So the dopey House of Representatives overwhelmingly passed DOPA, and we’ve got to get our acts together to make sure Senators have more of a clue about what’s happening with technology out here in the “real” world. I wonder how many of them come even close to “getting” everything that’s shifting and changing, the way we are connecting, the learning that’s happening in social spaces, the fact that this bill takes away our ability to teach our students in meaningful, realistic ways not only how they can stay safe, but even more importantly, how they can learn, network, interact, and become continuous learners.

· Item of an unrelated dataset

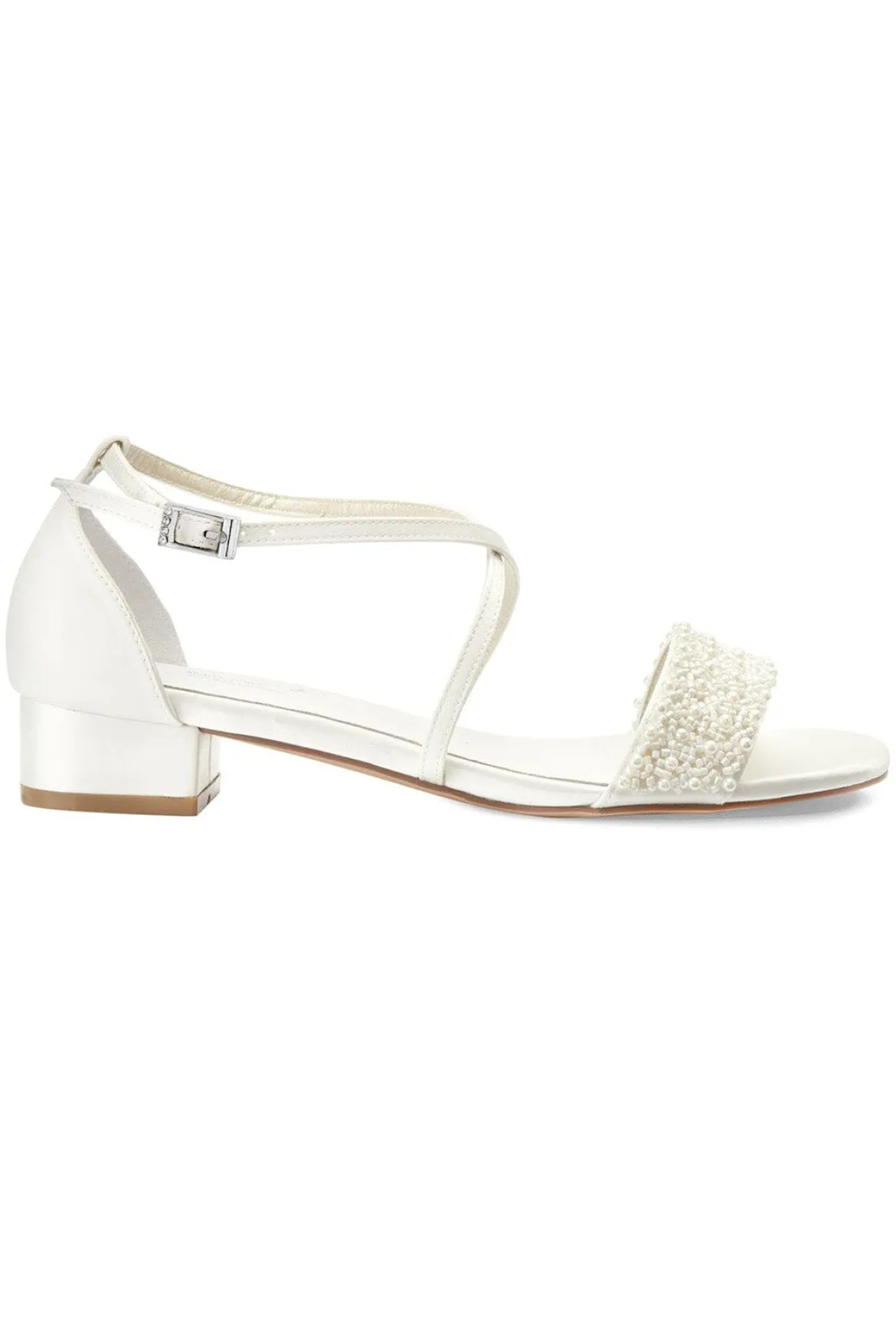 Brautsandale mit Perlen – Layla Ivory Satin | G.Westerleigh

I’m really pissed at the media on a number of levels, first for they way they have sensationalized the whole MySpace issue into ratings by pumping up shows that “catch” online predators and stories that almost celebrate the ignorance of kids who aren’t being taught not to trust the people they meet online and to keep personal information private. They’ve preyed on the ignorance of the masses who really aren’t paying close attention and just scared them into thinking that there is danger at every turn, when in reality our kids are more at risk for sexual predation from their family members than online. And second, I’m mad at the media because of the utter, total lack of coverage this stupid bill has gotten. Here it is about 24 hours after the fact and there still is NOT ONE story on Google News that the bill actually passed. NOT ONE!
But why am I surprised? It’s politics. It’s fear-mongering.
So now we’ve got to take this fight, really take this fight to our senators. I have no idea of the timeframe, but it’s going to be short, and are any among us optimistic?
Here is an article that I just got forwarded that gives a pretty clear indication of what’s next…I’ll try to find the source.
Lobbying Group Criticizes Bill To Curb Networking Site Access
by Heather Greenfield
Opponents of a measure limiting certain access to social networking sites are trying to drain support for it before the Senate takes action. The House passed H.R. 5319 Wednesday evening.
The bill, sponsored by freshman Rep. Michael Fitzpatrick, R-Pa., would require schools and libraries receiving special funding for Internet services to keep young people from accessing social networking Web sites like Myspace.com and chat rooms. There is concern that the sites have become havens for pedophiles and pornographers trolling for victims.
The Information Technology Association of America fought behind the scenes against the legislation and decided to go public with its objections early this week when it realized the legislation would be fast-tracked for a vote as part of a Republican initiative aimed at
passing issues that matter to the Suburban Caucus.
“We’re concerned that on the face of it, this is one of those overly broad pieces of legislation,” said association Vice President Mark Uncapher.
While the legislation leaves it up to the FCC to define what exactly will be allowed, Uncapher said the concern is it could deny access to any area of the Internet where users may post home pages or other information, including Amazon.com book reviews, for example, or on sites like America Online, eBay and Yahoo. ITAA plans to meet with
Senate leaders and staff to express those concerns.
“I am extremely pleased that the House moved so quickly to pass this important legislation,” Fitzpatrick said.
“As chairman of the Suburban Agenda Caucus, we are very proud of Congressman Fitzpatrick’s bipartisan leadership to protect children from this new threat,” said Rep. Mark Kirk, R-Ill.
While there currently is no companion Senate legislation, it is the Suburban Caucus’ job to find a vehicle and make sure issues like this pass both chambers.
President Bush signed H.R. 4472 Thursday, a child protection and safety act that included portions of an Internet safety bill sponsored by Sen. Jon Kyl, R-Ariz. aimed at curbing online child pornography. That eliminates one likely Senate vehicle, but there are others.
A caucus staff member said the item could be attached to other legislation to promote child safety, including a bill from Sen. Rick Santorum, R-Pa., that had been introduced.
“We’re actively engaged, and we hope to see action in the Senate very soon,” said Fitzpatrick spokesman Jeff Urbanchuk.
“It could be picked up and rammed through quickly,” acknowledged Rick Weingarten, director of the information technology office for the American Library Association. “We certainly hope the Senate will take a more deliberative approach to the controlling the Internet than the House has.”
But he added after seeing the political maneuverings and speed of the House bill, his group is “certainly not going to sit back and wait until something happens.”
The ALA plans to send a letter Thursday afternoon to all senators. Lynne Bradley, ALA director of government relations, said librarians are concerned as anyone about child safety, but the legislation is not the best way to protect children.
“The best tool because technology changes so rapidly is education, education, education,” Bradley said.